On Tue, Jul 2, 2013 at 7:25 PM, Paul Hoffman <paul.hoffman@vpnc.org> wrote:

> <chair hats on>
>
> Do either or both of these proposals work for people in the WG?
>
> --Matt Miller and Paul Hoffman
>
> The following are proposed minimal changes to make the JSON spec
> interoperable with respect to
> objects that have duplicate names.
>
> Proposal 1:
>
> In section 2.2 (Grammar -> Objects):
>   No change
> In section 4 (Parsers):
>   Add: "If a parser encounters an object with duplicate names, the parser
> MUST use only the last
>   name/value pair that has the duplicate name.
> In section 5 (Generators):
>   Add: "The names within an object SHOULD be unique."
>
> Proposal 2:
>
> Same as Proposal 1 *except* that a second sentence is added for section 4:
> "A parser that streams
>   its outputs MUST fail to finish parsing if it encounters more than one
> name/value pair with the
>   same name."
>

#1 I guess. Duplicate keys *SHOULD* fail, IMHO.

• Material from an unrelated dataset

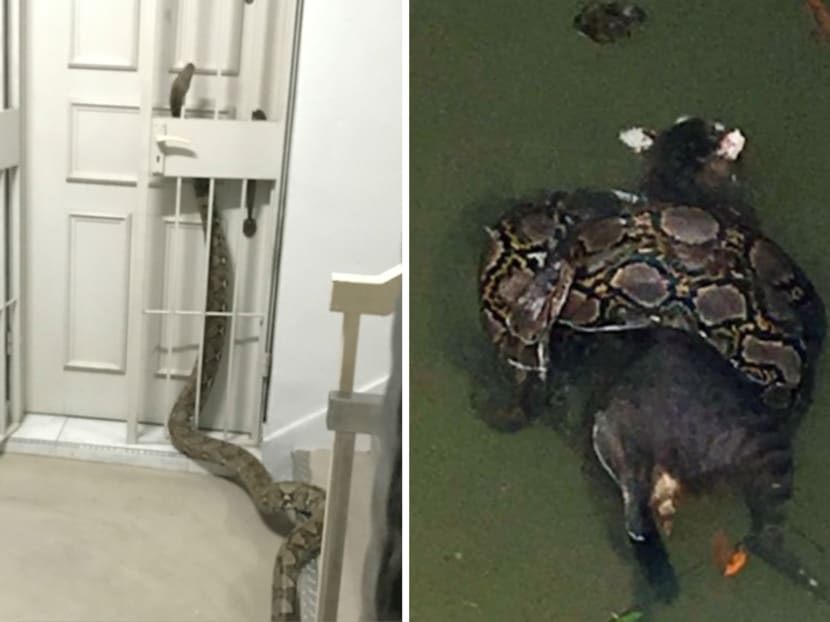(Left) A two-to-three metre long python slithering up a gate of a HDB flat in the Bukit Timah area on Sunday (Nov 27). (Right)A python took a cat as prey in a canal at Jalan Berseh in this photo posted on Monday. Photo: Clariss Lee, Twitter/LollyNia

I feel like I am being disruptive by posting this, but I really think we
are going down a path of splitting hairs and missing the broader point of
this issue. All the same, I'm posting as a reply to the initial thread
post, instead of all along the chain of replies.

Perhaps I'm in the minority, but I don't want to see the validation around
this split depending on the style of the decoding code. "Use the last
value, except if you stream then fail" seems a strange position to hold.
Failure should be a correct behavior in general.

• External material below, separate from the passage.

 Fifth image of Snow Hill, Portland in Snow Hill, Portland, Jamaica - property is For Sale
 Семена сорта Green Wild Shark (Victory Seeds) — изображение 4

The meaning of *SHOULD* for unique keys within the specification provides
enough of an expectation about the behavior, as well as a warning for those
that "weighed" the choice to not follow it. *MUST* would have been better,
but the complications we have been discussing are reasonable to expect and
predict.

Relying on ordered behavior in addition to duplicate keys, within a
knowingly unordered structure that *SHOULD* have unique keys is clearly
grounds for reasonable interop. errors and issues. "Clever" uses for this
small gap in behavior changes do not warrant protection.

Are there really legitimate uses of duplicate keys that should be honored,
warrant this protection, and the level of effort going into this discussion?


As an aside, it seems to me that none of this removes the need for
streaming parsers to be aware of duplicate keys and to probably fail upon
encountering them within the scope of a not-yet-closed object. If valid
json should unique keys, parsers should fail on non-unique keys, stream or
otherwise.

A similar topic comes up with streaming json-rpc servers writers who are
trying this SAX style approach (usually with batch requests), and the
reality has always been that it must be valid json first. This means you
cannot fully process the data with confidence until you confirm the payload
is actually valid json. Doing otherwise is simply betting
against fulfillment of the JSON format. If you can isolate the impact of
the changes, process away until you can confirm, then merge those changes
into the world. Otherwise, you need to be prepared to strike the actions
from having an impact.


Duplicate keys also prevent the use any meaningful path style strings, that
are to be used as an either an reference point or as an identity/location
token within and across objects (JSON Pointer for example). If your json
object produces more than one value for an identity, that is concerning.

Perhaps I'm just in shock that `json` is pondering new wording to handle
something that clearly comes with such complications and disagreement in
practice. Rather than promoting the behavior that is less complicated
conceptually and clearly intended.

-- 
Matthew P. C. Morley